TEMPO.CO, Cirebon - Memasuki Cirebon, terutama pada Selasa dan Sabtu, akan terlihat keramaian di Pasar Tegalgubug yang terletak di Kecamatan Arjawinangun, Kabupaten Cirebon. Ramainya aktivitas di pasar sandang yang diklaim terbesar di Asia Tenggara tersebut bahkan bisa menyebabkan kemacetan panjang di jalur pantura.

Pembeli dari berbagai daerah, bahkan luar negeri, akan ramai mendatangi pasar ini di hari pasarannya. Pedagangnya pun bisa meraup untung puluhan juta setiap kali berdagang. Saat Ramadan datang, biasanya Pasar Tegalgubug ramai dikunjungi pembeli maupun pedagang dari berbagai daerah.

Mereka membeli atau kulakan berbagai barang untuk dijual kembali di daerah asalnya. Produk yang banyak dibeli di bulan Ramadan ini selain aneka baju dan batik, juga mukena, busana muslim, serta perlengkapan yang biasa dipakai saat puasa dan Lebaran mendatang.

Namun tahun ini, pedagang di Pasar Tegalgubug mengeluhkan minimnya pendapatan mereka di bulan Ramadan ini. Seperti diungkapkan Fariz, seorang pedagang yang berjualan berbagai jenis batik. "Ramadan tahun ini tidak sama dengan Ramadan tahun kemarin," katanya. omzetnya pun menurun drastis.

Fariz menjelaskan, biasanya di hari keempat Ramadan, ia sudah bisa meraup untung hingga 20 juta. Tapi saat berjualan hari ini (Selasa, 16 Juli 2013), keuntungan yang didapatnya baru sekitar Rp 5 juta. Fariz menduga minimnya pembeli karena Ramadan bertepatan dengan tahun ajaran baru ditambah dengan kenaikan harga Bahan Bakar Minyak yang ditetapkan oleh pemerintah beberapa waktu lalu.

Padahal biasanya, menurut Fariz, pembelinya yang berasal dari Tasikmalaya, Brebes, Tegal, dan termasuk Cirebon sendiri biasa membeli dalam jumlah besar hingga mencapai 30 kodi. Namun, beberapa pelanggannya hingga kini belum pernah datang ke toko milik Fariz. "Saat saya telpon, mereka bilang juga lagi susah uang," katanya.
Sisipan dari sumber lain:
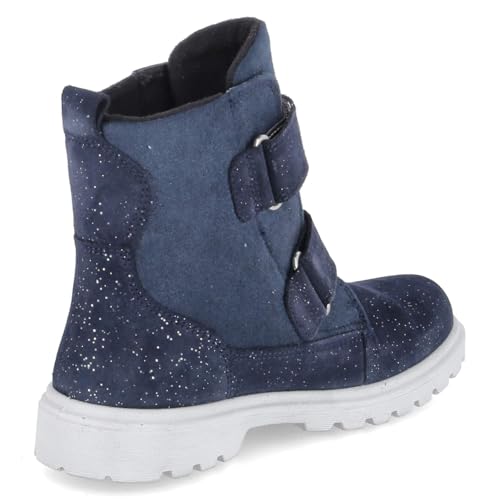 Girls Spirit Dark Blue Waterproof Winter Boots4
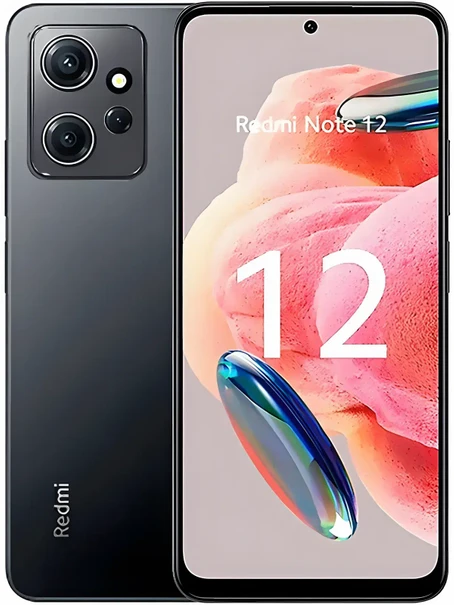 Redmi Note 12 8/256 GB Серый оникс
Hal yang sama pun diungkapkan pedagang lainnya, Parman, yang berjualan busana muslim. "Hari ini pendapatan saya hanya sekitar Rp 7 juta. Padahal sudah siang seperti ini," katanya. Pedagang di Pasar Tegalgubug memang biasa berjualan mulai dini hari di hari Selasa dan Sabtu. Menurut Parman, biasanya dalam sehari omzetnya bisa mencapai Rp 35 juta, terutama di bulan Ramadan seperti tahun-tahun lalu.

Parman pun mengaku tidak tahu apakah minimnya pendapatan bisa berubah di hari-hari menjelang Lebaran mendatang. "Sebenarnya saya pesimis. Tapi mudah-mudahan saja ada keberuntungan," katanya.